# Records shown
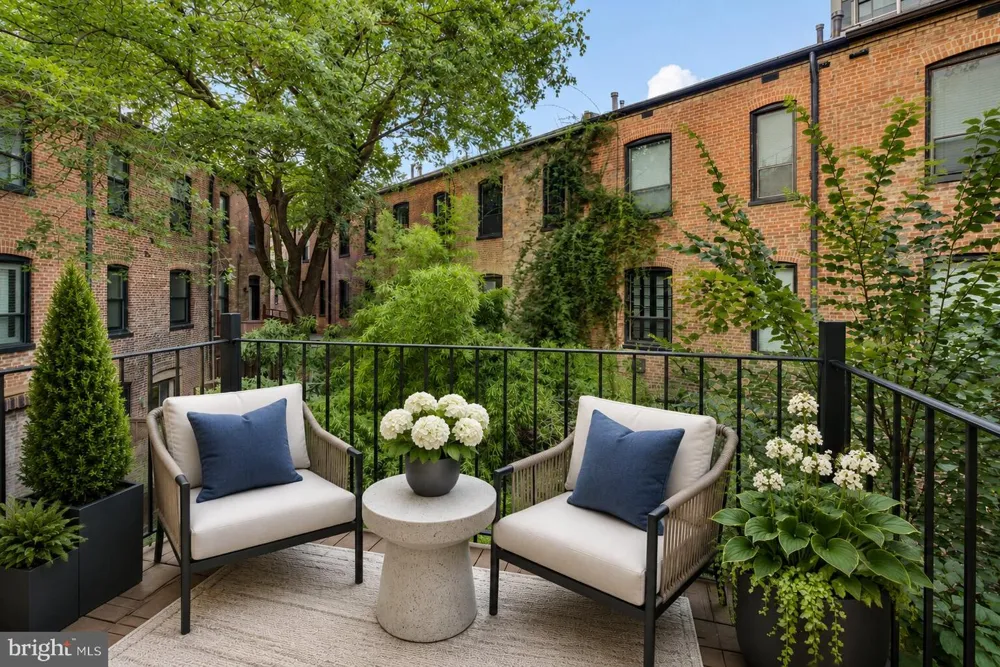 2209 WASHINGTON CIRCLE NW #3 Washington, DC 20037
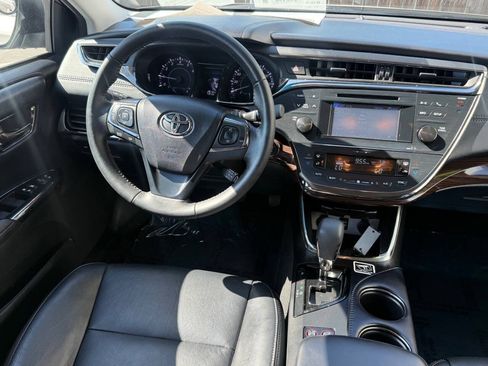 Used 2014 Toyota Avalon XLE FWD image 7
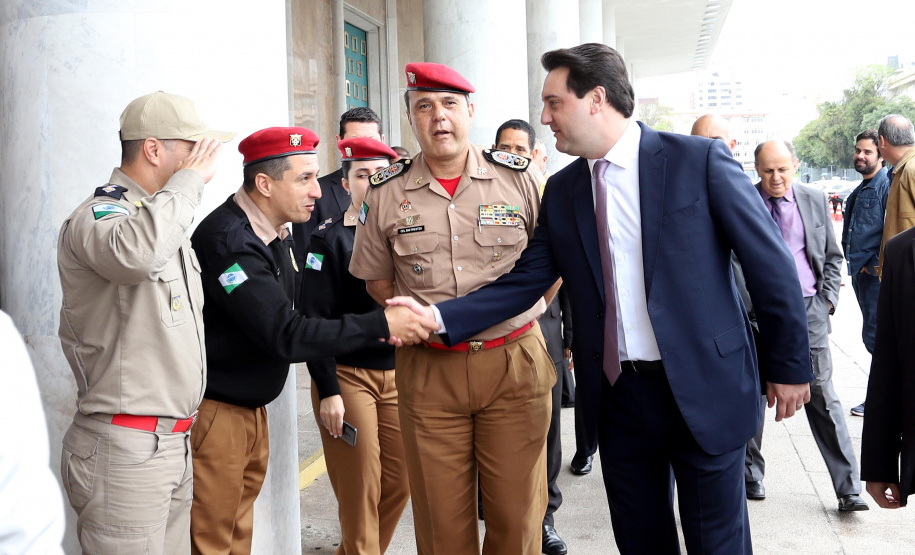 O governador Carlos Massa Ratinho Junior entrega nesta segunda-feira (07), viaturas de plataforma mecânica e um veículo auto bomba tanque. Participaram: vice-governador, Darci Piana; os secretários: da Segurança Pública, Romulo Marinho Soares, da Saúde, Beto Preto; comandante Geral da PMPR, cel. Pericles Matos; comandante do Corpo de Bombeiros, cel. Samuel Prestes; entre outros.Curitiba, 07-10-19.Foto: Arnaldo Alves / AEN.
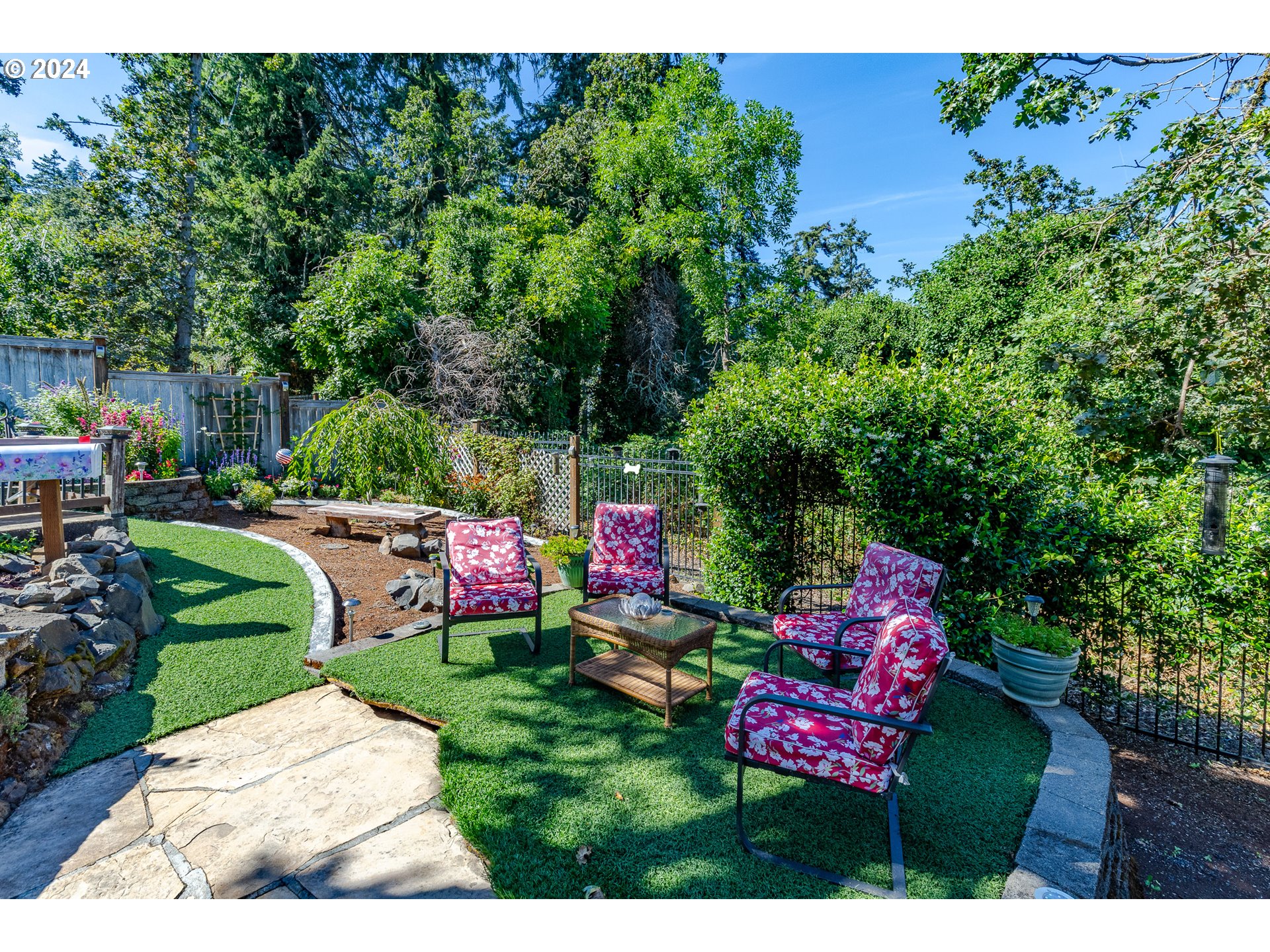 6188 Fernhill Loop Springfield, OR 97478 - Photo 31 of 40 a view of outdoor space & garden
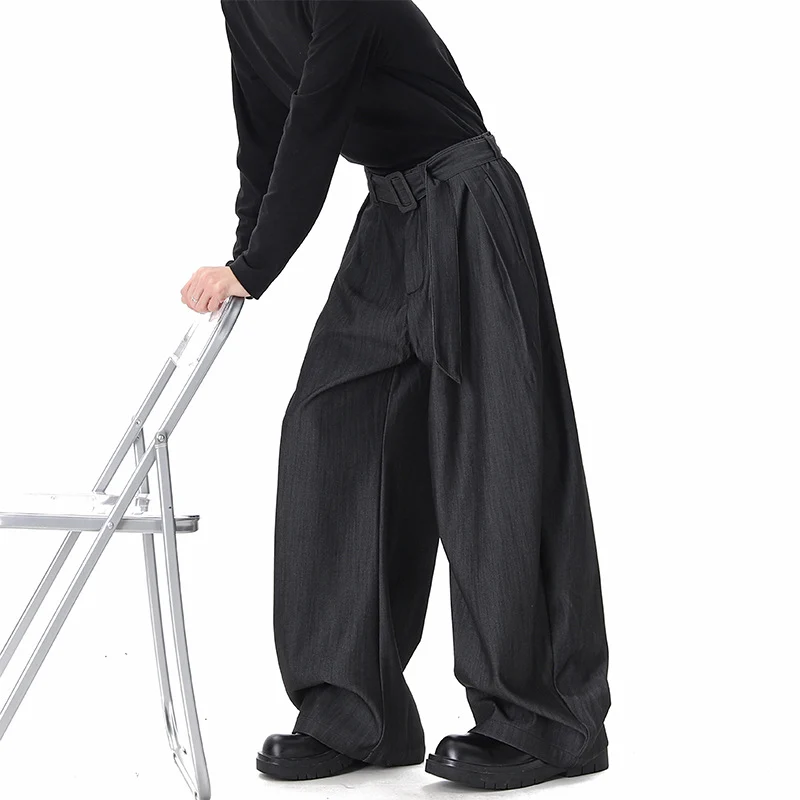 Damen Weite Paperbag-Hose mit hohem Bund, Falten und Taillengürtel Nord Taschen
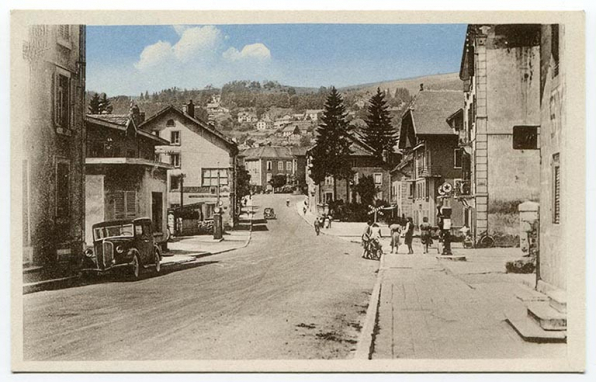 39 Morteau - Rue de l'Helvétie, milieu 20e siècle. Le bâtiment a été reconstruit. © Région Bourgogne-Franche-Comté, Inventaire du patrimoine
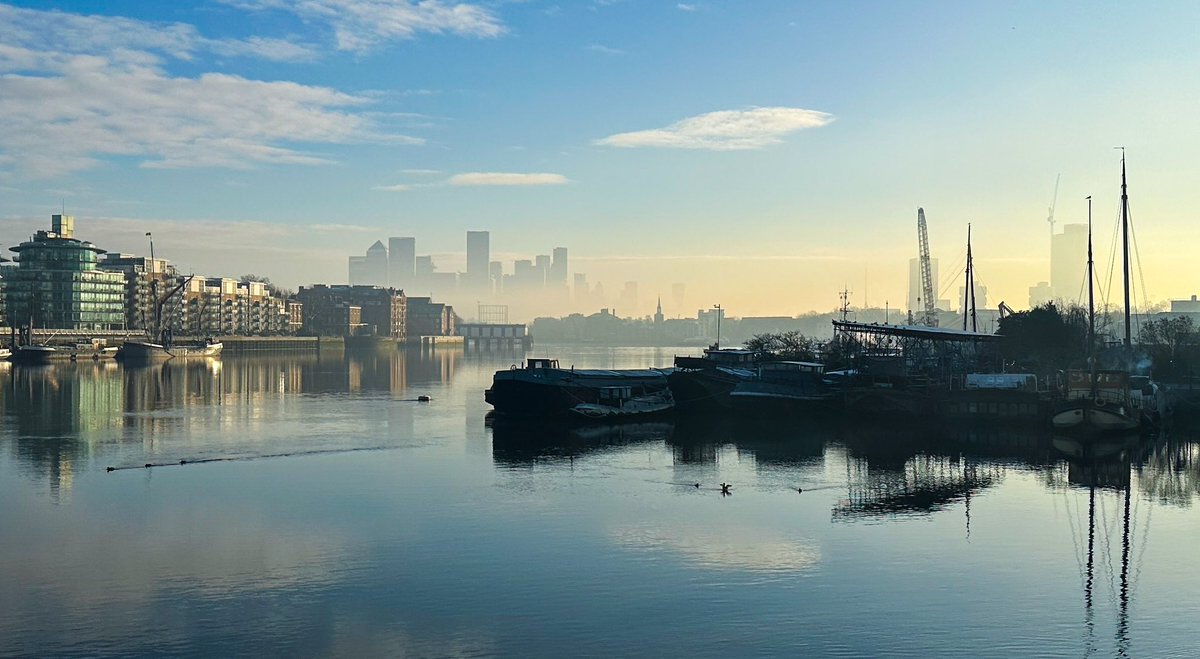 MrTimDunn's tweet photo. Stared here - in silence - with a few others. Then that time travel thing happened again: like it so often does, down by a quiet Thames, when it can feel like the centuries of this city are sliding together. Here on the shore, London of now drifts off into mist, and Old London - an imagined London of ancient paintings and etchings - is suddenly real, right in front with curling woodsmoke and calling birds and then, then it is gone. And I’m not even drunk.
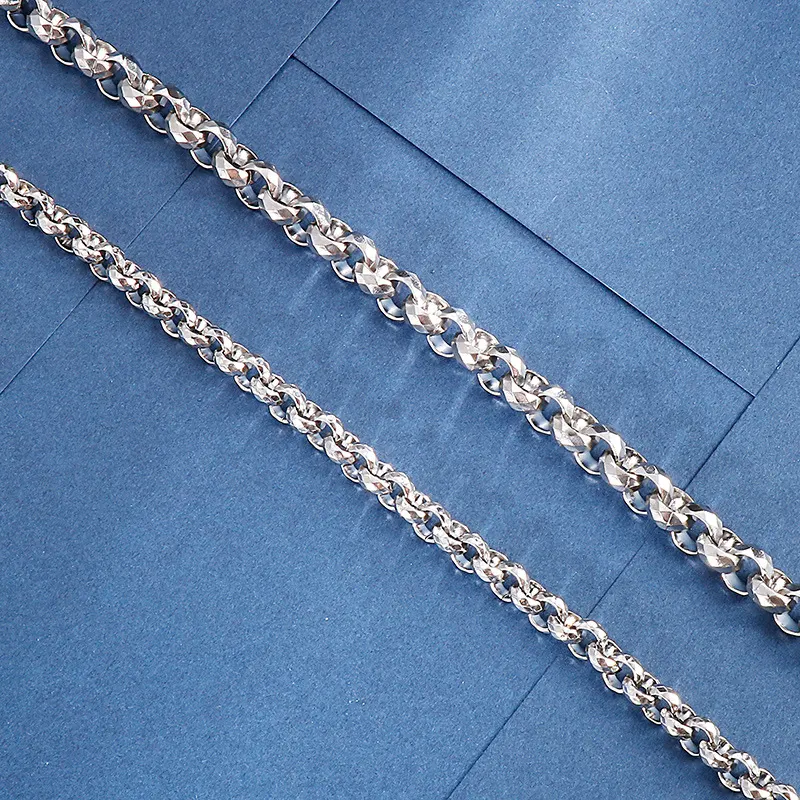 Pulseira masculina de aço titânio com superfície de corte múltiplo e corrente. Design moderno, resistente e ideal para uso diário. — foto 7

# Aim of the task
Please repeat everything in the data above except the pictures, exactly as it reads.

# Problem solution
 2209 WASHINGTON CIRCLE NW #3 Washington, DC 20037
 Used 2014 Toyota Avalon XLE FWD image 7
 O governador Carlos Massa Ratinho Junior entrega nesta segunda-feira (07), viaturas de plataforma mecânica e um veículo auto bomba tanque. Participaram: vice-governador, Darci Piana; os secretários: da Segurança Pública, Romulo Marinho Soares, da Saúde, Beto Preto; comandante Geral da PMPR, cel. Pericles Matos; comandante do Corpo de Bombeiros, cel. Samuel Prestes; entre outros.Curitiba, 07-10-19.Foto: Arnaldo Alves / AEN.
 6188 Fernhill Loop Springfield, OR 97478 - Photo 31 of 40 a view of outdoor space & garden
 Damen Weite Paperbag-Hose mit hohem Bund, Falten und Taillengürtel Nord Taschen
 39 Morteau - Rue de l'Helvétie, milieu 20e siècle. Le bâtiment a été reconstruit. © Région Bourgogne-Franche-Comté, Inventaire du patrimoine
 MrTimDunn's tweet photo. Stared here - in silence - with a few others. Then that time travel thing happened again: like it so often does, down by a quiet Thames, when it can feel like the centuries of this city are sliding together. Here on the shore, London of now drifts off into mist, and Old London - an imagined London of ancient paintings and etchings - is suddenly real, right in front with curling woodsmoke and calling birds and then, then it is gone. And I’m not even drunk.
 Pulseira masculina de aço titânio com superfície de corte múltiplo e corrente. Design moderno, resistente e ideal para uso diário. — foto 7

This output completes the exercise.